L'astensione dalle udienze nelle quali, il prossimo 15 giugno, è impegnato il giudice Loredana Camerlengo. L'ha deliberata la Camera penale di Benevento per l'episodio accaduto mercoledì scorso in aula, dove era stato registrato uno 'scontro' tra il magistrato e l'avvocato Angelo Leone, quest'ultimo avvertito che, se non l'avesse smessa - aveva eccepito l'utilizzabilità di un documento -, sarebbe stato allontanato dall'aula.

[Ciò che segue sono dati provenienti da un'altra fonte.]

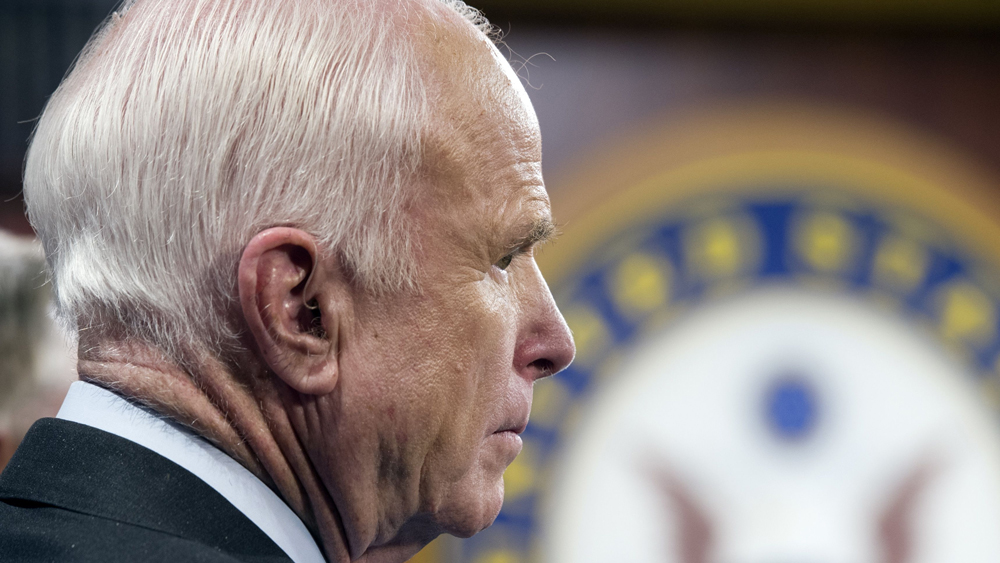 tagreuters.com2018binary_MT1VRTP0JVXY8M-FILEDIMAGE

Nel documento, firmato dal presidente Simona Barbone e dal segretario Nico Salomone, si ricorda che “attraverso l’audizione dell’Avv. Angelo Leone innanzi al Consiglio dell’Ordine degli Avvocati di Benevento, allargato alla partecipazione del Presidente della Camera Penale di Benevento, si è appreso che il Giudice a fronte del legittimo svolgimento della propria funzione difensiva, ha ripetutamente tolto la parola al difensore fino a minacciarlo di espulsione dall’aula; che si è potuto accertare che il GUP ha assunto un comportamento in udienza che si è posto totalmente al di fuori dell’ordinaria dialettica processuale e si è risolto in un attacco inaccettabile alla persona del difensore ed alla funzione difensiva che stava legittimamente esercitando”.

I penalisti sottolineano che “nel verbale redatto a mano dal cancelliere di udienza, di cui si è acquisita copia, sebbene non sia stato riprodotto fedelmente quanto accaduto, si legge chiaramente che l’Avv. Leone veniva redarguito ed ammonito che se il suo atteggiamento fosse continuato sarebbe stato allontanato dall’aula; che il successivo tentativo dello stesso difensore di comprendere le ragioni di un simile comportamento, anche al fine di appianare eventuali fraintendimenti ed in un’ottica compositiva, è naufragato a causa del permanere dell’atteggiamento ostile del giudicante”.

L’episodio viene definito “di una gravità assoluta in quanto totalmente compromesso il diritto di difesa come costituzionalmente garantito ed altresì delegittimata la funzione difensiva; che non v’è alcuna norma che consenta l’espulsione dall’aula del difensore nell’esercizio legittimo delle sue funzioni”. Inoltre, vinee evidenziato che “è necessario scongiurare qualsiasi tentativo di sminuire il ruolo e la funzione della difesa, anche attraverso atteggiamenti “intimidatori”, come quelli che si concretizzano nella prassi di invitare le difese a contenere il più possibile i tempi del proprio intervento orale, quasi che questo fosse inutile orpello ed ostacolo alla definizione delle procedure, e non un irrinunciabile momento dialettico; che l’episodio si iscrive in un più generale contesto di progressiva marginalizzazione del ruolo del difensore, delle funzioni costituzionali che esercita e delle garanzie processuali, che suo tramite, vanno riconosciute al proprio assistito, denunziata sempre più spesso dagli iscritti alla nostra camera penale soprattutto in relazione allo svolgimento delle udienze innanzi all’Ufficio GIP/GUP”.;

La Camera penale rimarca che “le evidenze appena rassegnate rappresentano motivo di grande allarme per la reputazione della giurisdizione, che, è bene ricordarlo, rappresenta un’ineludibile garanzia per il cittadino, che ha diritto ad una valutazione piena del merito dell’accusa ad opera del Giudice, e che l’Unione delle Camere Penali Italiane ha fatto della salvaguardia del diritto di difesa dell’imputato, della sua esplicazione senza limiti di sorta e delle connesse garanzie processuali, una battaglia che le singole camere penali territoriali convintamente sostengono; che solo un leale dibattito tra accusa e difesa nell’aula di giustizia, innanzi al Giudice naturale, terzo e imparziale, può garantire che l’atto in sé drammatico e tremendo della eventuale comminatoria di una pena, non venga percepito come un’ingiustizia; che è, dunque, matura la stagione per richiamare la magistratura giudicante, l’avvocatura e la pubblica opinione alla condivisione dei principi innanzi illustrati, su cui non si crede si possa minimamente transigere da parte di alcun operatore del diritto”.

Da qui la scelta dell'astensione solo per il 15 giugno, alla luce delle norme del Codice di regolamentazione che vietano la fissazione di scioperi a singhiozzo, prevedendo almeno 15 giorni tra una protesta e la successiva.